The decline in small business lending was partly the unintended consequence of financial regulations designed to strengthen the financial system and avoid a repeat of the Great Recession. While those are noble goals, evidence that the Sarbanes-Oxley Act and Dodd-Frank Act have hindered small business lending and restrained business formation suggest some tweaks and fixes may be overdue.
The costs of employer-sponsored health insurance.
Half of Americans receive health insurance through their employers. With the average annual cost of an employer-sponsored family plan now totaling $20,000, it’s not hard to see why the current system discourages business formation and depresses employment and wages.
It is also inequitable. When employers spend thousands on health insurance, they treat it as a fixed cost, raising the working hours of the group of workers to whom they provide health insurance while capping the hours of other workers below the threshold for eligibility. There are also perverse distributional effects that result from the tax-exempt status of employer-provided insurance. According to research using data from the Social Security Administration, workers in the bottom fifth of the income distribution receive benefits of around $500 a year while those in the top fifth receive benefits of around $4500.
If ever there were a time to break the link between employment and health insurance, it would be now—a global pandemic in which millions have lost their jobs, and with them their health coverage at the time when they need it most. Decoupling the two could reduce the costs to employers of hiring workers, boost workers’ wages, and reduce job lock—improving economic mobility and dynamism through multiple mechanisms simultaneously.
The tax code’s subsidization of automation.

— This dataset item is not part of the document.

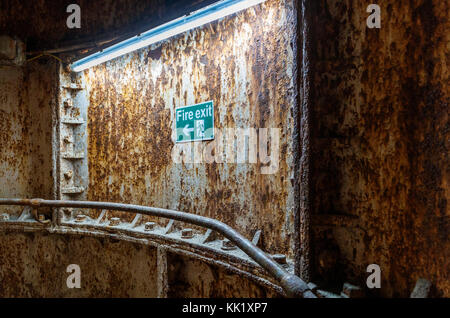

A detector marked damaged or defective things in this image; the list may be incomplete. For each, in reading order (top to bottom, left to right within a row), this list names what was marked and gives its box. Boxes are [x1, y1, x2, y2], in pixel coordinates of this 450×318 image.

rusty metal wall [0, 60, 55, 216]
rusty metal wall [82, 0, 298, 258]
rusty metal wall [312, 0, 448, 298]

Payroll and related taxes on labor have held steady over the past 40 years, but the effective tax rate on automation has fallen by more than half, according to a recent study. That means the U.S. tax code effectively subsidizes robots (or software and equipment more generally), and the companies large enough to afford them. Small businesses—especially those in the service sector—tend to spend a larger share of their revenue on wages. And that puts them at a relative disadvantage.
Opponents of reducing payroll taxes argue that the funds are needed to pay for Social Security and Medicare. But if ever there were a time to find an alternative means of funding social programs in the service of boosting small business formation and employment, it would be now. My own preference would be for governments to eliminate payroll taxes and replace them with a carbon tax. Why not use this moment to usher in the cleanest full-employment economy the world has ever seen?
We Should Focus on Improving Business Dynamism Now
Arguably, dynamism is a necessary feature of the U.S. economy. Workers spend about 4 years on average at the same job in the U.S., but about 10 years at a single job in Germany. Most Americans are at-will employees who can be fired with little notice and without cause, whereas most European workers have more protection from layoffs. The benefit of living in a place where it’s easier to get fired is that it is also easier to get hired and easier to start a business. Unemployment tends to be lower, especially for youth and minorities. But if U.S. business dynamism continues to fall, then our labor market could lose the key thing it has going for it.
The current crisis is taking place against the backdrop of a 20-year decline in business dynamism.
While the urgent priority now is helping displaced workers and struggling businesses in an unprecedented emergency, we should keep in mind that the current crisis is taking place against the backdrop of a 20-year decline in business dynamism. Fixing that problem could make the recovery swifter and more inclusive, and the economy more resilient in future.